Data excerpts Block Start
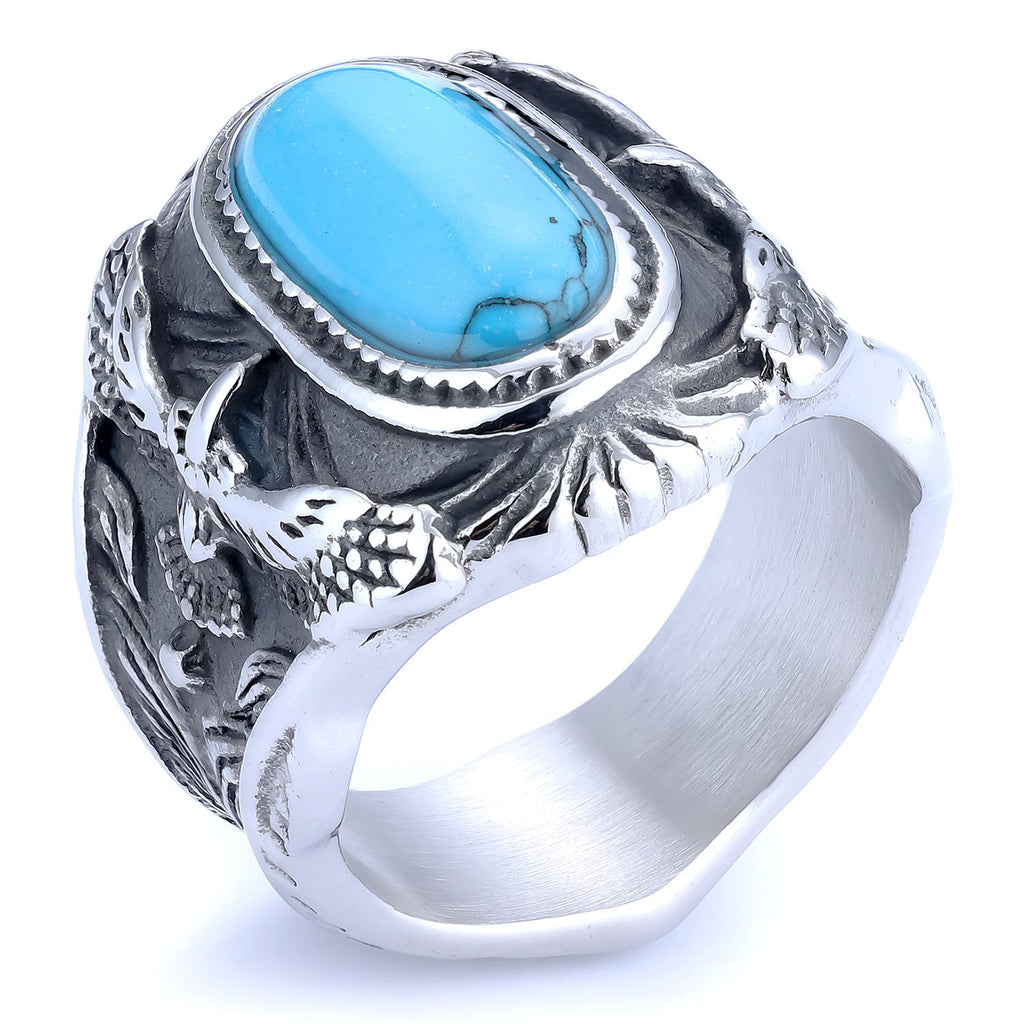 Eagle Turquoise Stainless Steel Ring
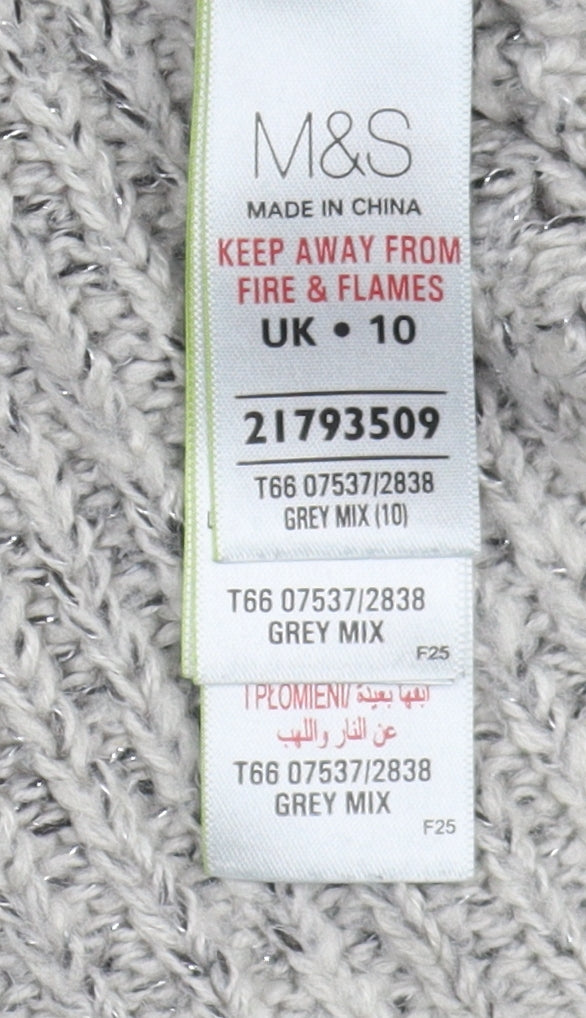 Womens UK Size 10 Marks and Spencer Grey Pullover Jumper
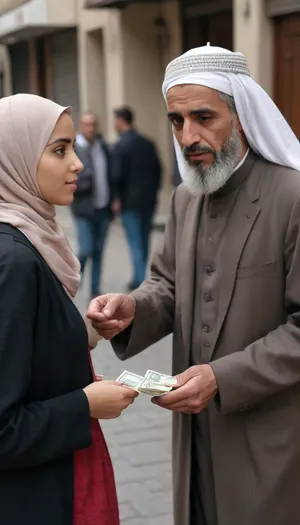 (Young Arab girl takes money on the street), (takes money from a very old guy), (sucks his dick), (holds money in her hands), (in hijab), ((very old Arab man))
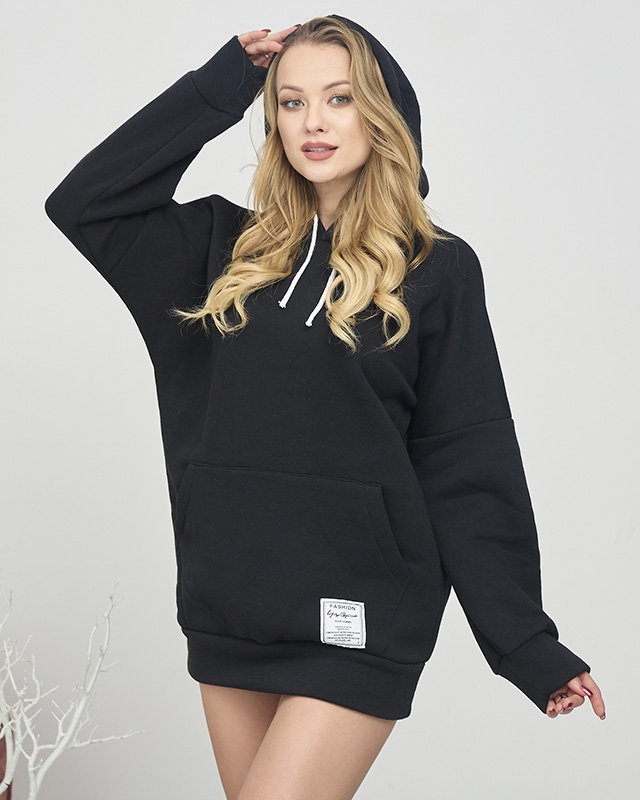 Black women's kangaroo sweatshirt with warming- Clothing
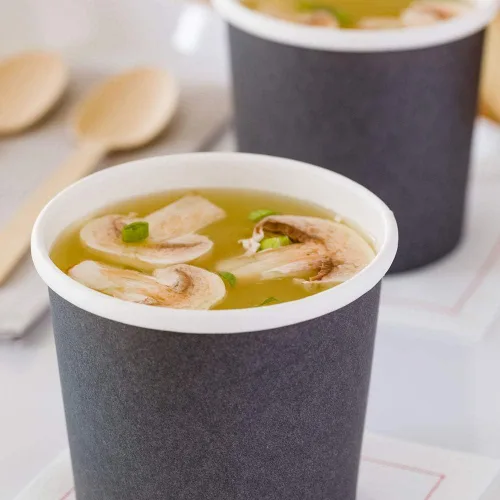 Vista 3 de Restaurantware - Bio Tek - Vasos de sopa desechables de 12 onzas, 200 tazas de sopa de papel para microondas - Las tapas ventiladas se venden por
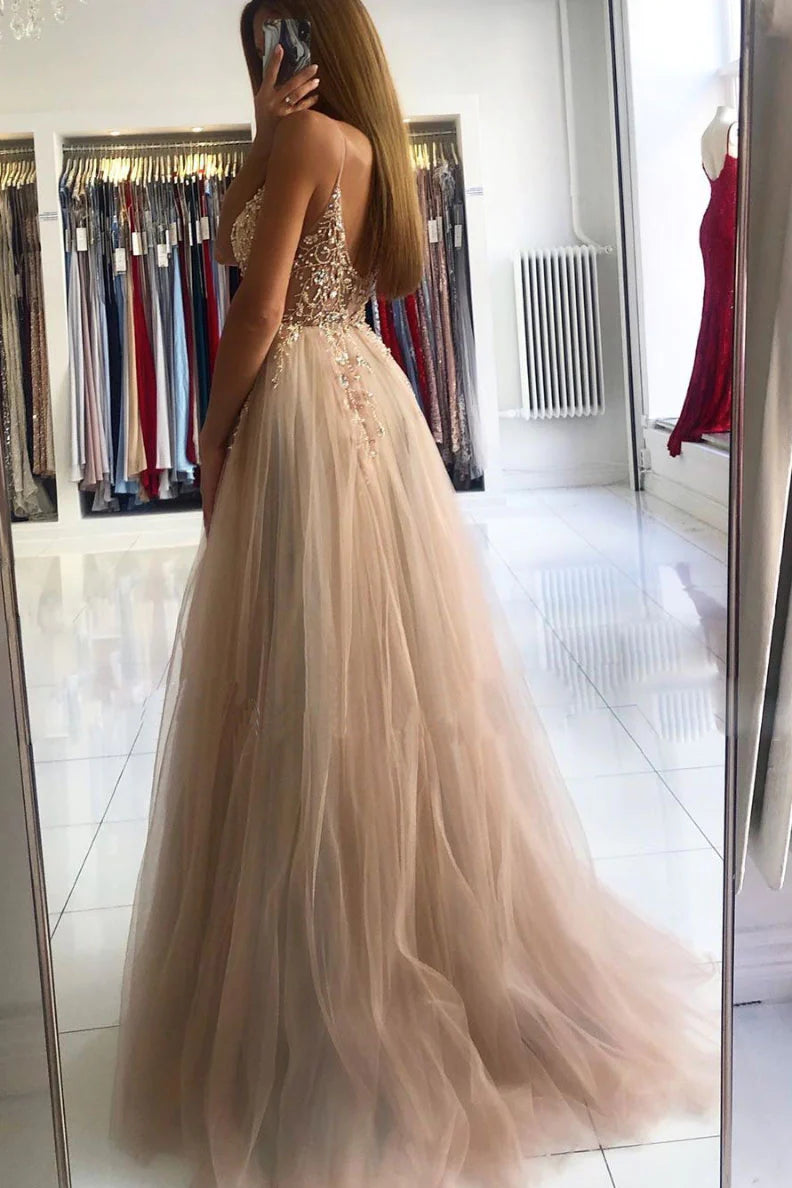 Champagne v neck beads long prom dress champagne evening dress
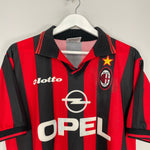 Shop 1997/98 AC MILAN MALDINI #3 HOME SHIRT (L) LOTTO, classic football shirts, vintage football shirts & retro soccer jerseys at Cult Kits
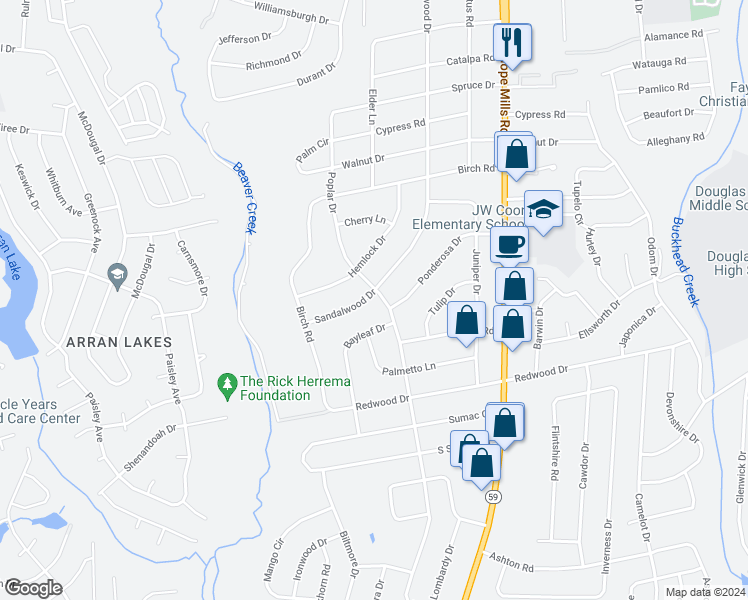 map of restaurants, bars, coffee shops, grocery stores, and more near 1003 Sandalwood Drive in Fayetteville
Data excerpts Block End
> [Prompt] Begin with the line that contains "Shop 1997/98 AC" and copy every line through the end of the listing, exactly as written, both ends included. Pictures are not part of the copy.

> [Task answer]
 Shop 1997/98 AC MILAN MALDINI #3 HOME SHIRT (L) LOTTO, classic football shirts, vintage football shirts & retro soccer jerseys at Cult Kits
 map of restaurants, bars, coffee shops, grocery stores, and more near 1003 Sandalwood Drive in Fayetteville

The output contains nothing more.